Dear Reader,
This Blog is designed for the parents, grandparents and caregivers of young children. Each post will highlight a great book that all children should hear, with tips to enrich beginning reading skills. You will also find fun recipes that go along with each story. Enjoy reading and cooking with the children in your life.
*Read to the children in your life every day. You are giving them a gift that will last a lifetime!
Kind Ninja and the Easter Egg Hunt By: Mary Nhin
Ages: Pre-school through First Grade
This is a special book about kindness. In our story, Kind Ninja helps the others have a wonderful Easter egg hunt by making sure that everyone finds eggs and has a wonderful day. In the end, he is rewarded by those that he has helped. Children will love the rhyming verse and seeing all of these delightful Ninjas.
Tips for Reading:
- Before reading the story, ask the child to tell you about Easter egg hunts in which they have participated.
- After reading the story, ask the child to tell you some of the things that the Ninjas were really good at doing and what were they good at finding.
- After reading, ask the child to recall some of the places where the eggs were hidden.
- After reading, ask the child to tell you why one of the Ninjas was so unhappy and what did Kind Ninja do to help.
- After reading, ask the child what happened to those Ninjas that found eggs and how did Kind Ninja help them.
- After reading, ask the child to tell you how Kind Ninja was rewarded.
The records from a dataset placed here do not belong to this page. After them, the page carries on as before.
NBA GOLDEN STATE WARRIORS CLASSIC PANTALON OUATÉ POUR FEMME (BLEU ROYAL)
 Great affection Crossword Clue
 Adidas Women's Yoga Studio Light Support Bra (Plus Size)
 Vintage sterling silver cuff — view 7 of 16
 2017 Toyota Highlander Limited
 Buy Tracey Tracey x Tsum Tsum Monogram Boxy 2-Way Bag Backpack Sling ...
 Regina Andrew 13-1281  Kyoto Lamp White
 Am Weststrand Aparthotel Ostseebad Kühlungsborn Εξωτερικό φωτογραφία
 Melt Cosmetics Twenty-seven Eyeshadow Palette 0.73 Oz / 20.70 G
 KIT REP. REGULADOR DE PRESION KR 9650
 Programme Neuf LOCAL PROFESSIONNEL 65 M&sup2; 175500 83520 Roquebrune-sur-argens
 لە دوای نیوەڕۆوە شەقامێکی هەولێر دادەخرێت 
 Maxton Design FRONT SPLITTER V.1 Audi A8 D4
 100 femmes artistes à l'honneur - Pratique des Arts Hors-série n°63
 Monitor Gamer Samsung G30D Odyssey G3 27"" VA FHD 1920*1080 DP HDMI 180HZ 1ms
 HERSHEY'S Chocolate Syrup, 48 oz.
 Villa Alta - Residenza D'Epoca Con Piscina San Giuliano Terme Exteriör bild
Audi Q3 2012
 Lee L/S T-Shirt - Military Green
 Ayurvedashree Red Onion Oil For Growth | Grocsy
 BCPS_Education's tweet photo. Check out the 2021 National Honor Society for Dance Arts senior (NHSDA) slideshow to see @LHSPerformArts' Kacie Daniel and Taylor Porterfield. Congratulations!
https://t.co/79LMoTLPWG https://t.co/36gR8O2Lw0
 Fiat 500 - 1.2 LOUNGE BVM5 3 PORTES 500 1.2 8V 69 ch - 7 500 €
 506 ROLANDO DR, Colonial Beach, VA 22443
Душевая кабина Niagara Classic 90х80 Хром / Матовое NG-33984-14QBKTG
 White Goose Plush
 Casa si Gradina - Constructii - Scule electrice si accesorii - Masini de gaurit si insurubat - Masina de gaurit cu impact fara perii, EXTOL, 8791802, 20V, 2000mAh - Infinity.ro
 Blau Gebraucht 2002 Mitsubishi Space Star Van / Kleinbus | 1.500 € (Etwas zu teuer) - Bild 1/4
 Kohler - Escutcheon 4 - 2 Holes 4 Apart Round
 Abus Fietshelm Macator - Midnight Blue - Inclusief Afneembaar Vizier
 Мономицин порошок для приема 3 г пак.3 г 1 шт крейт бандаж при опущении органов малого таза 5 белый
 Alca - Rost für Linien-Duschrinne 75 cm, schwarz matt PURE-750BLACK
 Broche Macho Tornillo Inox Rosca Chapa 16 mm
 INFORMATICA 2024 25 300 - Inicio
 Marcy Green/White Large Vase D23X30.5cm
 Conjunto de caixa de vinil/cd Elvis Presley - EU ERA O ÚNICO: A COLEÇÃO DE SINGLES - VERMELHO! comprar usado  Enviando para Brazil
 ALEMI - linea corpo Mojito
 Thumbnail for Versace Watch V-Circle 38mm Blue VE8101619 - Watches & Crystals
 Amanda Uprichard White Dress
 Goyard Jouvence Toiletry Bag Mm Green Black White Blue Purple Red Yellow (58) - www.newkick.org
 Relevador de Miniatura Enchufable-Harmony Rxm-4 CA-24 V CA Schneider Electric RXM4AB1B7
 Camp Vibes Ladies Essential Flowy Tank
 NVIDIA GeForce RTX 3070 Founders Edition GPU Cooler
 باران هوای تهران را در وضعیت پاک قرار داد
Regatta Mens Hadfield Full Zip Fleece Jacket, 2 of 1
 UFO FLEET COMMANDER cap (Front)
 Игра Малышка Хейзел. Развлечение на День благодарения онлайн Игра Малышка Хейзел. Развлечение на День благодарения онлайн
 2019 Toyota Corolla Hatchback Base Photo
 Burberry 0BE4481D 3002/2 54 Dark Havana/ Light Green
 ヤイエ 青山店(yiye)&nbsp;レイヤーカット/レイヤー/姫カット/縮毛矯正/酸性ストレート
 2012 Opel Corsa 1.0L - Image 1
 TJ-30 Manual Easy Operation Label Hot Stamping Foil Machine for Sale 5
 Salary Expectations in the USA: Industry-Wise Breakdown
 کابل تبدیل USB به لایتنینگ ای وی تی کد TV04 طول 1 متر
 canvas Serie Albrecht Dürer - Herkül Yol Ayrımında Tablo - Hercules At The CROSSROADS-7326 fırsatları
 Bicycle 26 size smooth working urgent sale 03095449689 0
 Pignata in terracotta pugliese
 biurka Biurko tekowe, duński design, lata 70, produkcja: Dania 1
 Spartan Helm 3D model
Additional Books by Mary Nhin (Ninja Life Hacks Box Sets):
- Emotions and Feelings
- Leadership
- Self Awareness
- Mover and Shaker
- Self Management
Cooking Time:
Sour Cream and Cheddar Biscuits
These wonderful biscuits are perfect for an Easter dinner. Children can help by measuring, adding ingredients and dipping the biscuits.
Preheat oven to 450 degrees. Line baking sheet with parchment paper.
2 1/2 cups flour
3 teaspoons baking powder
2 teaspoons sugar
1 teaspoon garlic powder
1/2 teaspoon cream of tarter
1/4 teaspoon salt
1/4 teaspoon cayenne pepper
1/2 cup cold butter, cubed
1 1/2 cups cheddar cheese, shredded
3/4 cup 2% milk
1/2 cup sour cream
Topping:
6 tablespoons butter, melted
1 1/2 teaspoons garlic powder
1 teaspoon fresh minced parsley
- In a large bowl, whisk together the flour, baking powder, sugar, garlic powder, cream of tarter, salt and cayenne pepper.
- Cut in the cold butter until the mixture resembles coarse crumbs.
- Stir in cheese.
- Add the milk and sour cream. Stir just until moistened.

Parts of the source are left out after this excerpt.